Posted: Sat Apr 28, 2007 11:10 pm
by indio
Now it's been 8 months since I started toolsetting, and this one has remained a mystery to me. In truth, I'd barely noticed them, but then examining a screenshot I got curious about how an interior tile suddenly had a rounded curve.
So, I read the freakin manual.
Select a tile and hover it in place, then with Up/Down keys, cycle through variations of that tile.
Posted: Mon May 14, 2007 10:52 pm
by Grand Fromage
Tired of laying down transition waypoints manually? I sure am, that's a pain in the ass.
But what I just discovered is that you don't need to. Connect your two ground transitions using the door type, and set the transitions themselves as the targets.
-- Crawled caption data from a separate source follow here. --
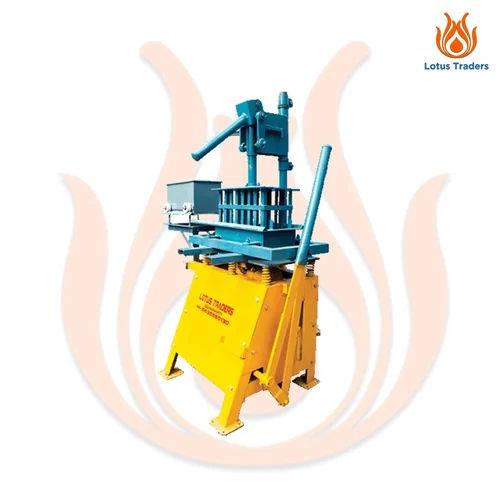 4 Cavity Manual Brick Making Machine | 1500–2000 Bricks/Hour Interlock & Solid Block Machine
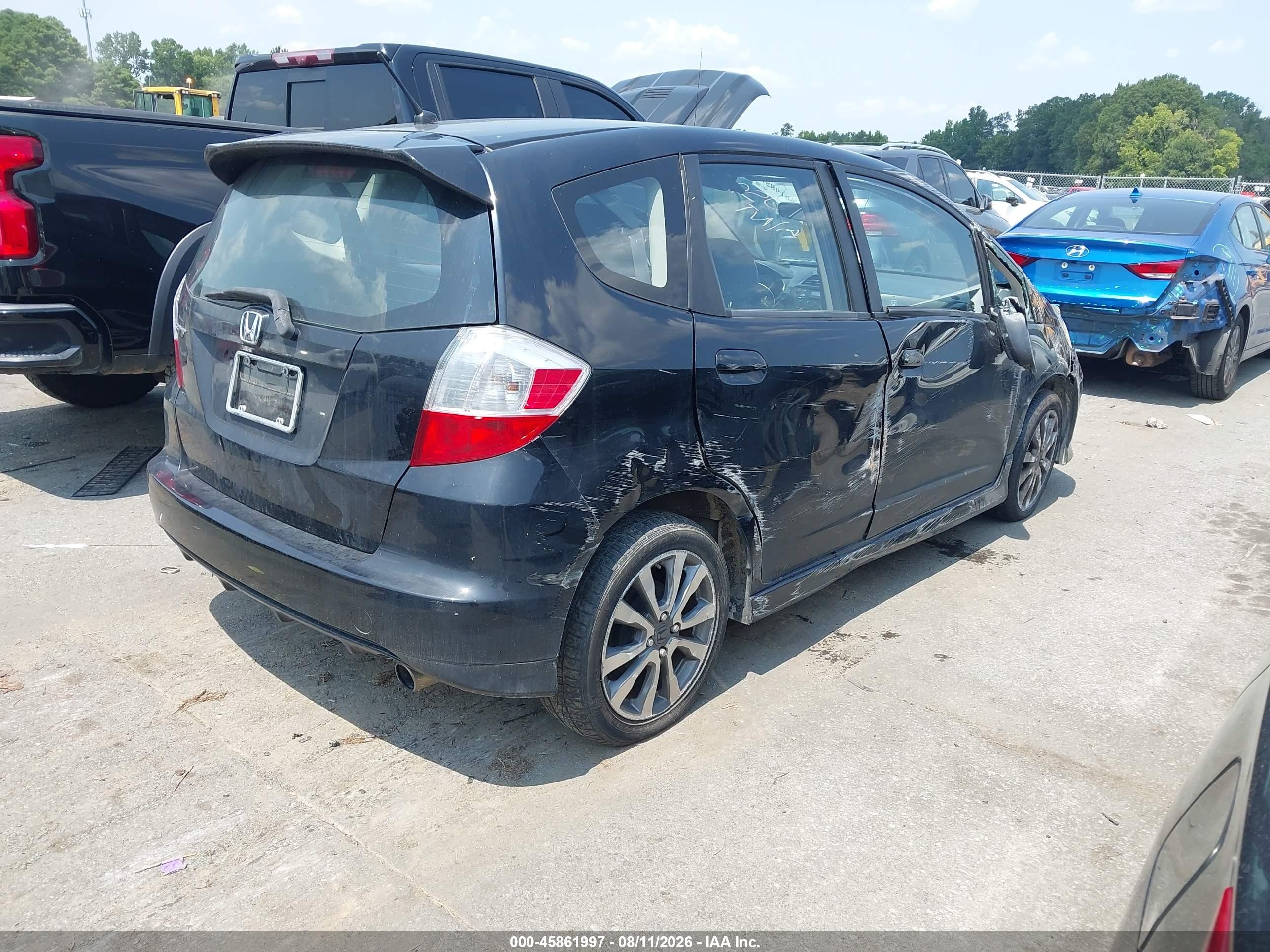 2013 Honda Fit Sport Black vin: JHMGE8H54DC060591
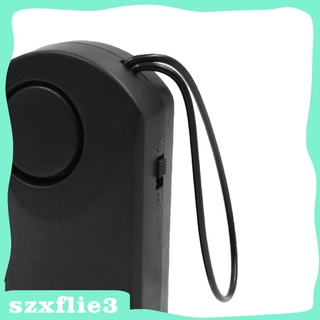 [Szxflie3] alarma de puerta inalámbrica para colgar, Detector de movimiento, color negro (5)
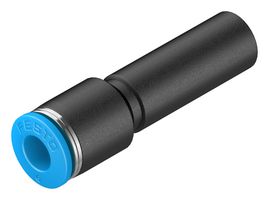 FESTO QS-10H-6 Pneumatic Fitting, Push-In Fitting, 14 bar, 10 mm, Brass, QS
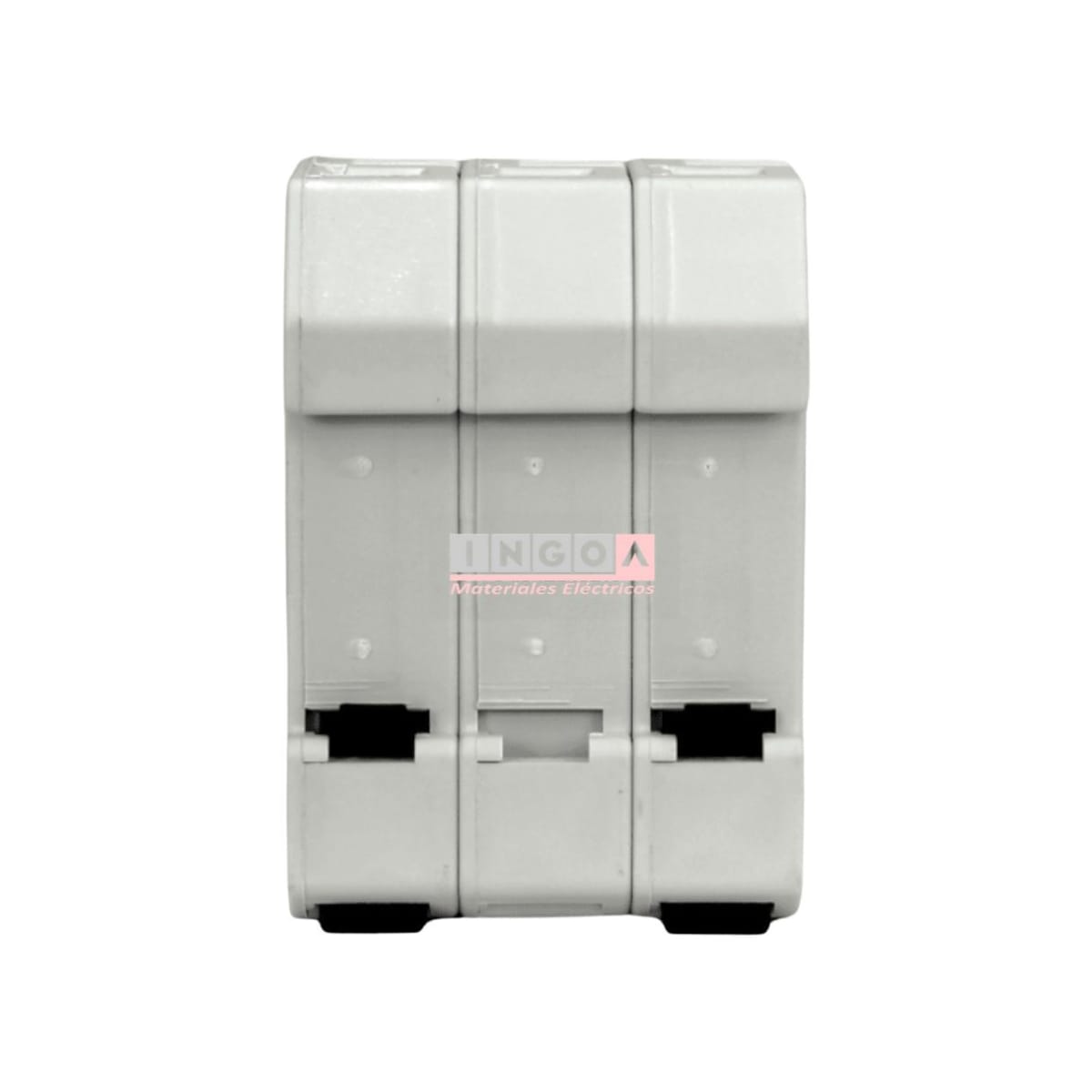 Portafusible 3P 10x38mm 3x32A, 500V S/Fusible - CNC4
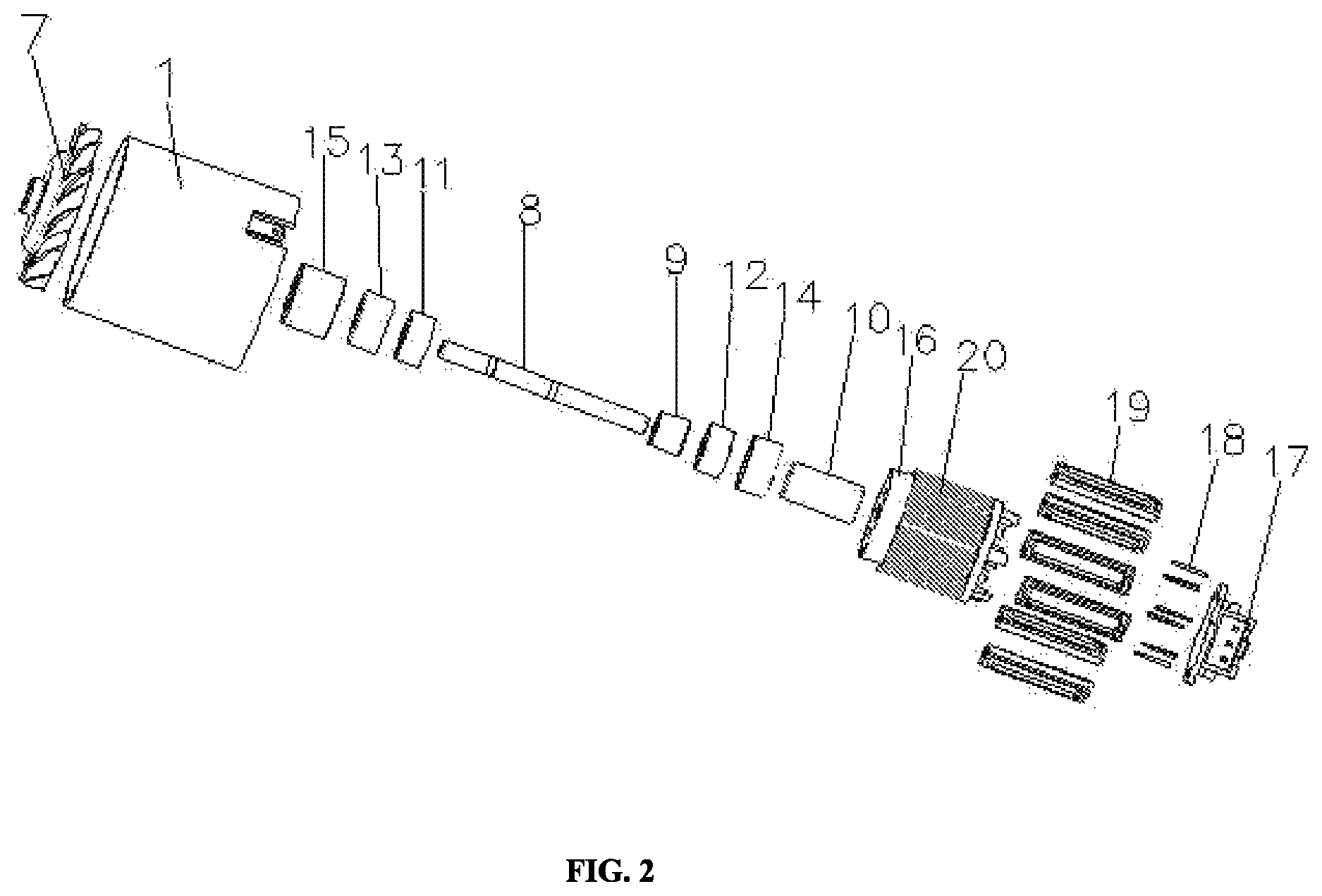 Patent US12101015 Figure 2 – High-speed motor and assembling method thereof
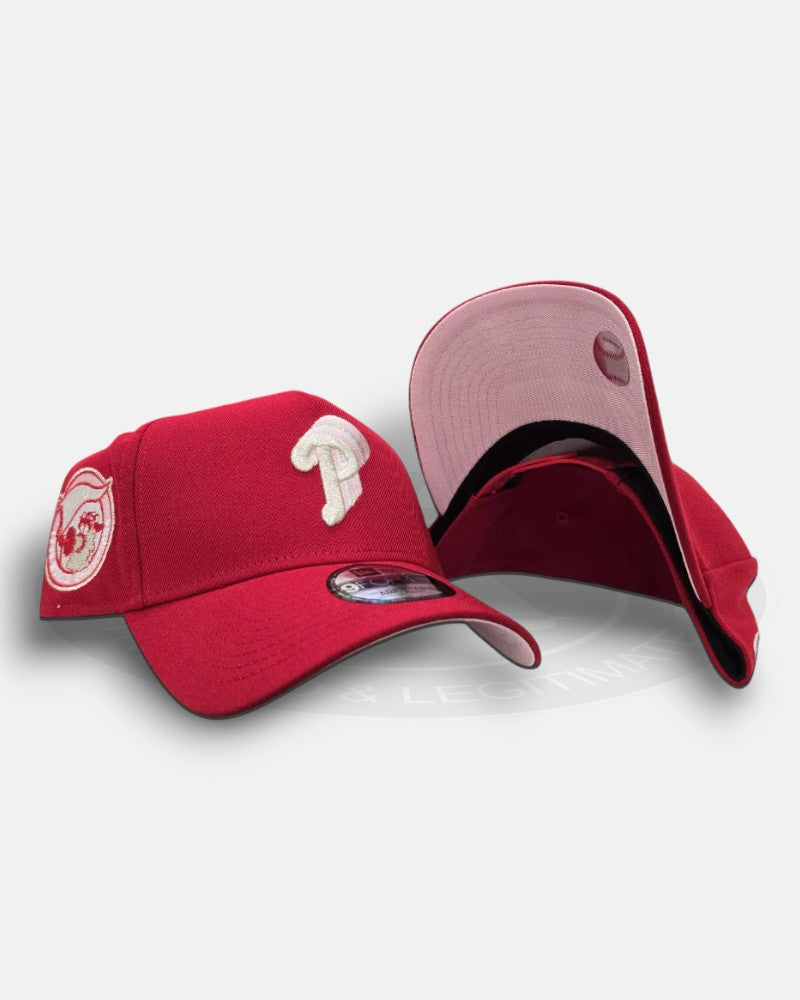Philadelphia Phillies 1980 World Series Champion Red Valentine 9Forty A-Frame Snapback Hat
It works just fine, and you don't have to futz around with waypoints at all.
Posted: Fri Jul 13, 2007 3:02 am
by indio
Some city baking tips for areas with lots of doors:
- Lay out all placeables
- Bake your area
- Duplicate your area
- Make invisible placeables in the original area and use your walkmesh cutter to get good outlines of all placeables
- Convert all your placeables to environmental objects
- As this will delete all your doors, open up the duplicate area, and (depending on the number of doors) select all doors
- Open their collective properties and lock Height and Position
- Copy and go back to your original area
- Paste
- Rebake
Posted: Sun Jul 22, 2007 11:54 am
by Thangorn
tips for getting neat walkmesh cuts -:
1. Hide your placeables while cutting walkmesh around enviro-objects
2. Show C3 collision data and make your walkmesh cutter trigger cuts following the bottommost plane of the C3 data. C3 even shows you where your doors are in buildings so you dont need to worry about taking a shot in the dark to cut around the base of a door in the side of a building properly.
Posted: Fri Aug 10, 2007 1:42 pm
by Thangorn
further to my above tip..
For city walkmeshes -:
1. Place everything you want where you want it
2. Change your buildings to enviro-objects
3. Show c3 collision data
4. Hide enviro-objects. This will now give you an un-interrupted outline to follow to lay nice neat walkmesh. If you have curbs, you'll have to hide placeables aswell.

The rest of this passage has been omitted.